My AntennasDirect Lacrosse is mounted on its J-mount about 10 feet above the ground. It pulls in all the Charlotte digital UHF locals and a few distant stations very nicely.


----------



## cawgijoe

Missing checkbox........two story house with a five foot mast.


----------



## audiomaster

boylehome said:


> Now that the distant TV stations are broadcasting high power, my current antenna system is overkill. It works so well, I'll leave it alone.


Last roof I saw with that much hardware on it was owned by the CIA!!


----------



## breadman

I have a 91xg mounted on a 50ft tower.
P.S. I need about 30 more feet.


----------



## aramus8

Winegard SS1000 mounted on upstairs bedroom wall. Receive Salt Lake City stations at 85 to 100 percent at 100 miles from city center. Antenna inside as area is wind prone with peak gusts over 60 MPH several times per year. Also using 25db signal amp.


----------



## Radio Enginerd

Jim5506 said:


> My RS U75-R is mounted on a 28' telescoping mast based on the ground and attached to the roof peak of my house. I still have to use an urban pre-amp (Winegard HDP-269) to receive my two weak sisters (0.98kW and 0.96kW) from 6.5 miles away.

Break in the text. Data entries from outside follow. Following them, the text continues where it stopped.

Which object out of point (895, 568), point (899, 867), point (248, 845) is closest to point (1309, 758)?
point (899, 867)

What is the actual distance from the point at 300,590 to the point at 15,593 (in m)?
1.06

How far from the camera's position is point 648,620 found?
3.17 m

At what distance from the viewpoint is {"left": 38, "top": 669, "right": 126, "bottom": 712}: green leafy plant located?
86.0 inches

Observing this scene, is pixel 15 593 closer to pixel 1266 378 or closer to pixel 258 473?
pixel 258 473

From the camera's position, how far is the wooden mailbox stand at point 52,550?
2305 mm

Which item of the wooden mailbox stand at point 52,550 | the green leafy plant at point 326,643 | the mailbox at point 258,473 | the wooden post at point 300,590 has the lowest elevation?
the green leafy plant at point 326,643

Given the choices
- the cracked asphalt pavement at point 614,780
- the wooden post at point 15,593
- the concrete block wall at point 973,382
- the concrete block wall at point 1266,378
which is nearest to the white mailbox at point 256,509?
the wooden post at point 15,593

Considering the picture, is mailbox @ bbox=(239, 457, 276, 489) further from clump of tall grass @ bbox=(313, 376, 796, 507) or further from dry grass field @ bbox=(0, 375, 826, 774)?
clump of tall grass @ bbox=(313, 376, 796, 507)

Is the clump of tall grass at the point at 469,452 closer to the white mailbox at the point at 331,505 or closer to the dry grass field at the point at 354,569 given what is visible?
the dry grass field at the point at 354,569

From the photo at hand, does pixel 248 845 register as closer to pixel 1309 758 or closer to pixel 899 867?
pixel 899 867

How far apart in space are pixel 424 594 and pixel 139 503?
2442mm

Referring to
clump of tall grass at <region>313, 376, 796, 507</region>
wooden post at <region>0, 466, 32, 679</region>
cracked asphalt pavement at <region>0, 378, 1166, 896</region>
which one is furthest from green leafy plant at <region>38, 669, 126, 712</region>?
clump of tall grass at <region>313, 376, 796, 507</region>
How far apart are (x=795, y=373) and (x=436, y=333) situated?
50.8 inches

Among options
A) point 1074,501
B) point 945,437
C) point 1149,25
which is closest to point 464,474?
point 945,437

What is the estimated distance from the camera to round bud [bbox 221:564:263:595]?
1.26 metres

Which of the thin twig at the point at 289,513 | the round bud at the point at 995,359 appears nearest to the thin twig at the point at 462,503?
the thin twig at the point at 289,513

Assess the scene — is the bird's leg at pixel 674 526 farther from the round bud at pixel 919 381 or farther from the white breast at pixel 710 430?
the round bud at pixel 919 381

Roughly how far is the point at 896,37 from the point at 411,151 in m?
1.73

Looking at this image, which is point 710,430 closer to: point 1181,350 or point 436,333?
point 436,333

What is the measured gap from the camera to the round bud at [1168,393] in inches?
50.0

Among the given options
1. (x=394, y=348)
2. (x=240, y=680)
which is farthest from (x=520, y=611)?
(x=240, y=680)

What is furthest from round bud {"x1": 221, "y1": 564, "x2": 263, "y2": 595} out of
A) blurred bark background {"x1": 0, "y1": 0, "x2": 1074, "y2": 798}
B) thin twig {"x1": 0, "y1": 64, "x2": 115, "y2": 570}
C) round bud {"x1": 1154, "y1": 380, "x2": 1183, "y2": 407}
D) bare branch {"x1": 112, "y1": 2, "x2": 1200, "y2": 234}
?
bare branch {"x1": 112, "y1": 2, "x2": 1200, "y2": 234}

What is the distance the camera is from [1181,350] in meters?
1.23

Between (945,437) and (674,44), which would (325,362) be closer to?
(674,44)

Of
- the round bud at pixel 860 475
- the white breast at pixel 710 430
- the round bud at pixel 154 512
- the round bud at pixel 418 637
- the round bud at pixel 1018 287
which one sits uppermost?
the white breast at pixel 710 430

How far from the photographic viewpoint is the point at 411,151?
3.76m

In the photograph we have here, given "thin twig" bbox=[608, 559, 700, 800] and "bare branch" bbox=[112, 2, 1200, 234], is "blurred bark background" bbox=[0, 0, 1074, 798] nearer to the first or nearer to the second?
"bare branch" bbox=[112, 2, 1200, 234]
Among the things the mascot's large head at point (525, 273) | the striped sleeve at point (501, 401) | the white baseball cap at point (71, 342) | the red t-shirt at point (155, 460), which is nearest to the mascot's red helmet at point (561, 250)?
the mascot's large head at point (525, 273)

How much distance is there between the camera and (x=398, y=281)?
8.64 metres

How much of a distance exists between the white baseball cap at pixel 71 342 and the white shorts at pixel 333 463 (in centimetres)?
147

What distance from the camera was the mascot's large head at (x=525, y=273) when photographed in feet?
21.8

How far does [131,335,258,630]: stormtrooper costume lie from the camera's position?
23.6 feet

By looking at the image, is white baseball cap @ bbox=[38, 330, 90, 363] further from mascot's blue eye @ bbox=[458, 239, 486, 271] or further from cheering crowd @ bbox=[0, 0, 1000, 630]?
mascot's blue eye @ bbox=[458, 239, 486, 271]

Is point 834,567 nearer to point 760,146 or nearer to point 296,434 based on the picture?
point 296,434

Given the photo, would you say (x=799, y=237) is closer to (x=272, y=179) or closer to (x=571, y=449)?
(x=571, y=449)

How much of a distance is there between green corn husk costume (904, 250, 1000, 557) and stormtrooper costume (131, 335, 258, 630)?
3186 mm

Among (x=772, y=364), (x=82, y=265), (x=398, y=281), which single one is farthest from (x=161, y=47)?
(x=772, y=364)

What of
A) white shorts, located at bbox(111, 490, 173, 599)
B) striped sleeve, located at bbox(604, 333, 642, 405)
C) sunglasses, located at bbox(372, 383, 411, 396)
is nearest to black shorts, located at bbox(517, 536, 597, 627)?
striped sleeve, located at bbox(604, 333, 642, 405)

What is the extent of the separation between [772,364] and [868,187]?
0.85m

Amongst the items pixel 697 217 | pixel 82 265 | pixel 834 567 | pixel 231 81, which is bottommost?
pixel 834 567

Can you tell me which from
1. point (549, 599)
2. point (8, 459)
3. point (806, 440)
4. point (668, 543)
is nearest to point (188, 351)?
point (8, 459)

I too have an Radio Shack U75-R mounted on a 5ft mast to the fascia of my house. I've had amazing results picking up stations over 40 miles away (as the crow flies). I'm even pointed at my neighbors monster 2-story house and I'm still getting over 90% signal on all of my DTV stations.

I would *highly* recommend the U75-R!


----------



## Radio Enginerd

boylehome said:


> Now that the distant TV stations are broadcasting high power, my current antenna system is overkill. It works so well, I'll leave it alone.


WOW, that just looks cool! What do your neighbors think?

That would go over like a fart in church in my neighborhood.


----------



## Nick

Who gives a damn what the neighbors think? :lol: 

Check out the low elevation angle on that dish pointed at 61.5 from CA


----------



## AreBee

I have a two story home with a Winegard PR 7015 UHF/VHF antenna mounted in the attic with a Channelmaster CM 9510A remote contolled rotator.

Does a great job with all the stations within 40 miles which covers two markets. The only stations I have trouble with are the three PBS stations which are all at least 40 miles out in different directions.


----------



## richlife

mssturgeon said:


> The map on our site will show HAAT (Hight Above Average Terrain) for the transmitters.
> 
> http://www.hdtvmagazine.com/programming/broadcast.php
> 
> Just select your market and click the tower marker in question.
> 
> Cheers,
> 
> - Shane Sturgeon


Great information, thanks! It helped me a lot when I was trying to figure out my problem a couple months back.


----------



## Shoshana

aramus8 said:


> Winegard SS1000 mounted on upstairs bedroom wall. Receive Salt Lake City stations at 85 to 100 percent at 100 miles from city center. Antenna inside as area is wind prone with peak gusts over 60 MPH several times per year. Also using 25db signal amp.


Our Winegard SS1000 is sitting on the floor in the corner of our guest bedroom - 2nd floor. We are about 10 miles from the antenna farm and get 94-100% signal strength. Eventually, the antenna will be going in the attic just so that we don't have to worry about guests tripping over the coax.


----------